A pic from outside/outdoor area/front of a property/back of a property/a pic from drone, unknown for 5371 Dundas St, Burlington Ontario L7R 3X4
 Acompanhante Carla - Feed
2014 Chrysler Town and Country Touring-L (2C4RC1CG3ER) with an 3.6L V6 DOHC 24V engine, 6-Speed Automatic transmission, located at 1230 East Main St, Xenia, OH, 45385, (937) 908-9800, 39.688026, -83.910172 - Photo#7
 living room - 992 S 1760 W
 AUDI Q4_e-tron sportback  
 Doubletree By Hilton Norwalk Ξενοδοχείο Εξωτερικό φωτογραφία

» Task requirements: Exactly repeat the lines running from the top of the listing to the line bearing "Acompanhante Carla - Feed", both of those lines included, and only them.

» Written response:
A pic from outside/outdoor area/front of a property/back of a property/a pic from drone, unknown for 5371 Dundas St, Burlington Ontario L7R 3X4
 Acompanhante Carla - Feed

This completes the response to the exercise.